De acuerdo con los expertos de esta institución, la “palabra demencia es un término genérico utilizado para describir un conjunto de síntomas, como el deterioro de la memoria, razonamiento, juicio, lenguaje y otras habilidades de pensamiento. Por lo general, la demencia comienza gradualmente, empeora con el tiempo y afecta las capacidades de la persona en el trabajo, las interacciones sociales y las relaciones”.

Pero, ¿cuál es la relación de la demencia con la pérdida de memoria?, según los expertos, esta última es uno de los primeros, pero también más reconocidos signos de demencia.

Otras señales tempranas de la demencia pueden incluir: repetir las mismas preguntas varias veces, olvidar palabras comunes, mezclar otras, demorarse más en hacer actividades conocidas, perderse al caminar o tener cambios en el estado de ánimo.

También se puede presentar dificultad al tratar de seguir instrucciones, desorientación en cuanto al tiempo, personas y lugares y dificultad en manejar el dinero y pagar las cuentas.

Otras causas

Además del proceso normal de envejecimiento, según el Instituto Nacional sobre el Envejecimiento de Estados Unidos, algunos problemas de la memoria están relacionados con asuntos de salud que posiblemente pueden ser tratados.

Por ejemplo, aquí se incluyen los efectos secundarios que puede generar la ingesta de algunos medicamentos, una deficiencia en el cuerpo de vitamina B12, alcoholismo crónico, tumores, infecciones o coágulos de sangre en el cerebro.

En esta afección también pueden incidir algunos trastornos de la tiroides, de los riñones o del hígado, por lo que cuando se comienzan a presentar signos de pérdida de memoria siempre es importante consultar al especialista para determinar las causas que hay detrás de este padecimiento.

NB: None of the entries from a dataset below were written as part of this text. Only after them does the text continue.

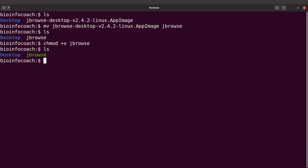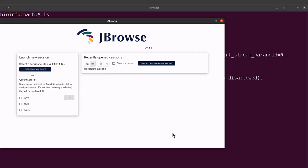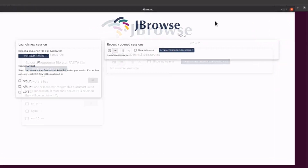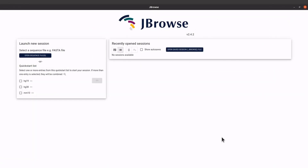Now we are done with that step. To execute JBrowse I'll just say ./jbrowse and execute the command. JBrowse has been opened — you can maximize it. That's how we install and set up JBrowse.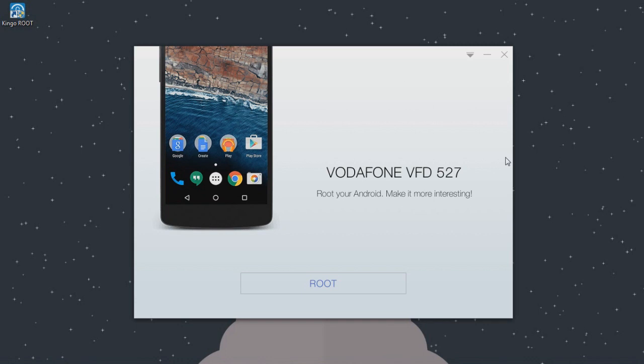Okay, as you can see, it has recognized the smartphone. What you're going to do is just go ahead and click Root to root your Android device. By clicking Root, it will automatically begin to root your phone.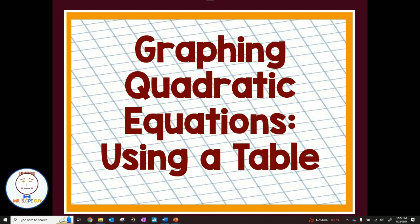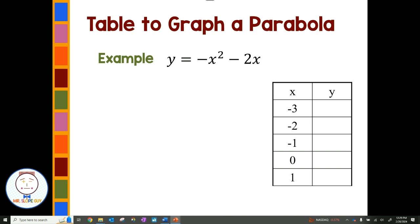Graphing quadratics using a table. Let's say we're asked to use a table to graph a parabola of y equals negative x squared minus 2x. Quadratics form a parabola or u-shape. We're given a table with x values. There are other ways to graph quadratics like line of symmetry and vertex, but in this case we can take these x values, put them into the quadratic equation, find points, and then graph on a coordinate plane.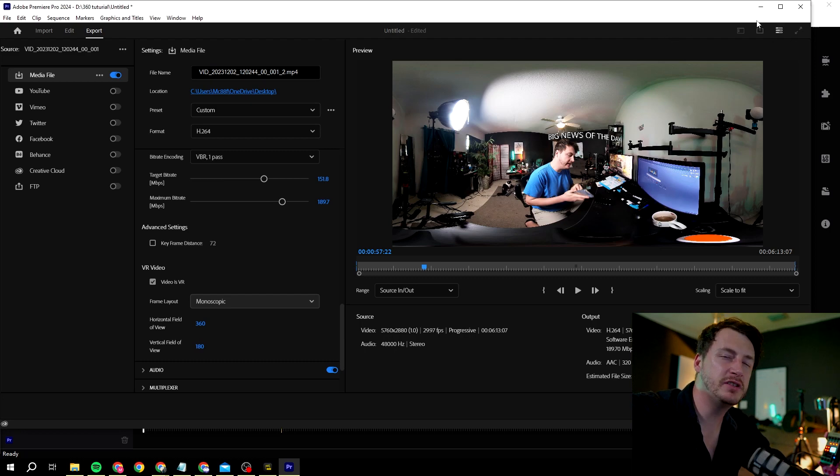On some platforms you kind of have to enable the settings where you basically highlight, hey yes this is a 360 video, please display it as a 360 video. But this is the settings that you need to do.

Otros inconvenientes como los problemas emocionales, el estrés, la ansiedad o la depresión, pueden hacer que a una persona se le olviden las cosas y esto en ocasiones puede ser confundido con señales de demencia.

“La confusión y los problemas de memoria causados por emociones usualmente son temporales y desaparecen cuando los sentimientos se desvanecen. Pero si estos sentimientos duran por más de dos semanas, es importante obtener ayuda de un médico o consejero. El tratamiento puede incluir consejería, medicamentos o ambas cosas”, precisan los expertos del Instituto Nacional sobre el envejecimiento.

Un diagnóstico es clave

De acuerdo con los especialistas, no es fácil que las personas acepten que tienen problemas de pérdida de memoria y que sea posible que esté iniciando la demencia. Por ejemplo, hay individuos que intentan ocultar estos inconvenientes y algunos familiares o amigos quieren compensar esa pérdida, a veces sin ser conscientes de que pueden aumentar esa discapacidad.

Ante la aparición de señales que indican que se puede estar presentando esta problemática, es importante que las personas recurran al especialista para obtener un diagnóstico oportuno. “Identificar una causa reversible de deterioro de la memoria permite obtener el tratamiento adecuado. Además, un diagnóstico precoz de un deterioro cognitivo leve, la enfermedad de Alzheimer o un trastorno relacionado es beneficioso porque se pueden tomar acciones”, asegura Mayo Clinic.

Por ejemplo, se pueden comenzar tratamientos para controlar los síntomas, se tiene la posibilidad de educarse a sí mismo y a las personas cercanas sobre la enfermedad, se pueden determinar las prioridades para los cuidados futuros, al igual que identificar centros de cuidado u opciones de cuidado en el hogar e incluso, cuando se tiene conocimiento de la situación es favorable porque hasta se pueden resolver asuntos financieros o legales, concluyen los expertos.